Temperatures were high enough – about 14 degrees warmer than today in the warmest month of the summer – to suggest that the climate system is more sensitive to small changes in greenhouse-gas concentrations than the sensitivity estimates included in some climate models.

If that’s the case, as other paleoclimate studies have indicated, the models may be underestimating the amount of warming likely to result from increasing atmospheric COconcentrations, the scientists say.

So even as the climate denial meme du jour has been that ‘climate sensitivity may not be as high as we thought”, these reconstructions from an era when co2 was not much greater than our own, must give us a sobering reality check.

The report found conditions much warmer than might have been predicted by atmospheric models, noting “..these extreme warm conditions are difficult to explain with greenhouse gas and astronomical forcing alone, implying the importance of amplifying feedbacks and far field influences.”

A climate feedback would be, for instance, as arctic ice melts and is replaced by open water, the open water absorbs much more solar heat than the bright reflective ice. This creates a vicious cycle, or “feedback”, reinforcing itself.

Planetsave:

“One of our major findings is that the Arctic was very warm in the middle Pliocene and Early Pleistocene [~ 3.6 to 2.2 million years ago] when others have suggested atmospheric CO2 was not much higher than levels we see today. This could tell us where we are going in the near future. In other words, the Earth system response to small changes in carbon dioxide is bigger than suggested by earlier climate models,” the authors state.

LATimes:

The findings, based on sediment cores drilled from a Russian lake, don’t bode well for the current model of human-forced climate change, the researchers warn. They suggest that climate changes will be more amplified in the northern latitudes than currently predicted…

One of the clearest warning signs that this may be the case in our own time period is the rapid decline of arctic sea ice, that is now running 60 some years ahead of what would have been thought a “worst case” scenario, just a few years ago.

seaicemodels

8 thoughts on “Past Climate is Window to the “Near Future” Arctic”


  1. The good news is that these developments have gotten a lot of press in the previously uninterested mainstream media. We are accelerating toward a more widespread understanding of just about how much s**t we’re in, and none too soon.
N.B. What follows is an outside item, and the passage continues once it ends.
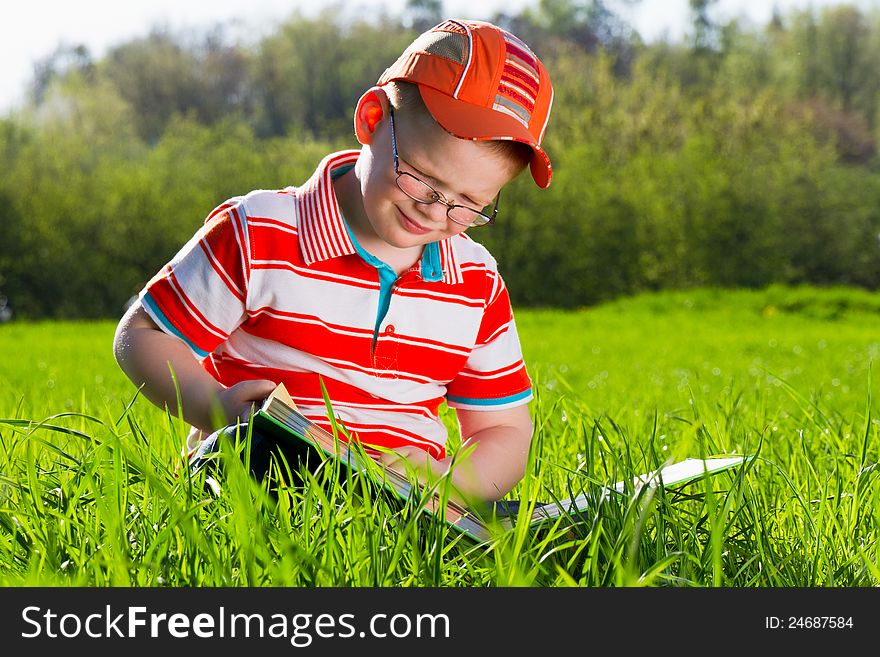 Young boy reads book in outdoor park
We already have way too much heat in the system, but hopefully we can keep the extinction below 50% of species if we get right on it.


  2. From the reports I have read most are based on CO2 equivalent and for some reason they have gotten away from that.
    This is what I found.

    http://www.procon.org/headline.php?headlineID=005095

    The NOAA also calculates the Annual Greenhouse Gas Index,
    which takes into account the heating effects of other greenhouse gases such as methane,
    nitrous oxide, and chlorofluorocarbons. When those gases are also considered,
    the global atmosphere reached a CO2 equivalent concentration of 400 ppm in 1985 and 450 ppm in 2003.

    So if we hit 450 ppm equivalent in 2003 what is it now.
    I have noticed other feed backs that are not accounted for in any reports.
    Lots of food for thought.


  3. The biggest story in the world. It’s about time for people to start paying attention.


      1. Great! Glad to hear that!
        Yes, it is mine – took me hundreds of hours to write the custom program.
        It automatically gets and extracts the data from the PSC website, finds the minima for each year, and creates object definition scripts for each frame distributed to 20 processors for the raytracer to execute, and collect and assemble the resulting images… needless to say, it’s time consuming! The 1080p version took 58 cpu-core-days, or 3 days of processing for the farm.

        I’ll do an updated version in October, but I do have a new one to release with the cubes sitting on an 80x50km map of New York state for scale.

        I’m sure you’ll understand if I drop it into comments around the web occasionally, where relevant.